Keywords: D. H. Lawrence; Robert Bellah; spectator


consciousness; contractions of mind; animate mind;
anthropocentric mind; mechanico-centric mind

Halton, Eugene. From the Axial Age to the Moral Revolution:


John Stuart-Glennie, Karl Jaspers, and a New Understanding
of the Idea. New York: Palgrave Macmillan, 2014.
DOI: 10.1057/9781137473509.0010.

 DOI: 10.1057/9781137473509.0010
The Moral Revolution and the Modern Revolution Today 

Stuart-Glennie, Jaspers, and Mumford all took the implications of the


moral revolution as more than merely historical, as holding significance
for understanding contemporary life and the future of humankind. Now
I wish to turn to the contemporary context of the ideas of these figures,
first by briefly examining Robert Bellah’s recent book, then by discussing
another unlikely contributor to this theme and unknown predecessor
to Jaspers, the well-known writer D. H. Lawrence, who also addressed
troubling issues of contemporary global civilization. Following that I
will present my own way of framing human development, and the place
of the moral revolution within that framework.

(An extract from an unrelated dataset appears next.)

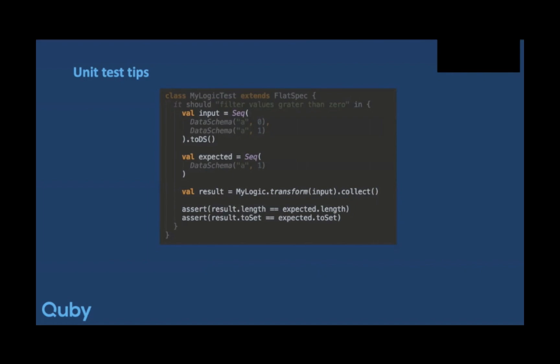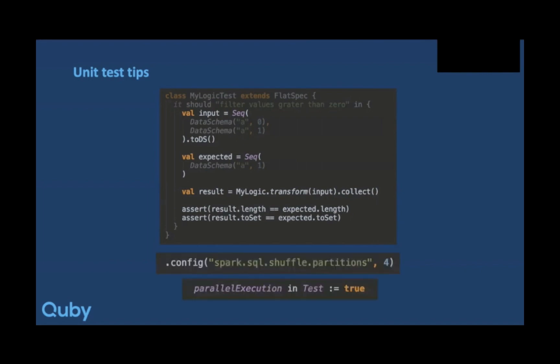Since Spark tests are generally pretty slow, here are some tips to make them faster. We reduced the Spark SQL shuffle partitions from a default of 200 to 4, which is more than enough in a unit test — but of course don't do this in production. We also enabled parallel execution of unit tests, which in our case sped things up more than two times.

The moral revolution as theoretic culture

Robert Bellah’s recent book, Religion in Human Evolution: From the


Paleolithic to the Axial Age, is a comprehensive and detailed examination
of a broad sweep of human evolution and history, and represents the most
recent major work on the axial age. He provides very detailed accounts
of axial emergence in ancient Israel, Athenian Greece, China, and India.
Most relevant for discussion here are his examination of representative
tribal, archaic, and axial cultures.
Bellah’s consideration of non-civilized peoples fills in the gap of
Jaspers’ disallowance that they might have anything of spiritual sig-
nificance. Yet oddly, two of the three tribal cultures he discusses, the
Kalapalo of central Brazil, and the Navajo of the southern US, are
horticulturalists rather than full hunter-gatherers, in contrast to the
third group, the Walbiri of Australia. Given the profound evolutionary
significance of hunting and gathering not only as means of diet, but as
involving patterns of socializing, social structure, and even worldviews,
it is surprising he did not focus on hunter-gatherers, but instead lumped
together “tribal” peoples.
Bellah excluded from consideration pygmies studied by anthropologist
Colin Turnbull and other pygmy groups from around the world, claim-
ing that they are “generally symbiotic with agricultural neighbors . . . or
are refugees . . . and cannot be good examples of early homo sapiens
evolution.”1 Yet many hunter-gatherer peoples supplement their foraging
ways through trade with non-foraging neighbors, and in a number of
cases have done so for long periods of time while remaining foragers.2
Turnbull’s work showed that the Mbuti Sua people, playing dumb, “used”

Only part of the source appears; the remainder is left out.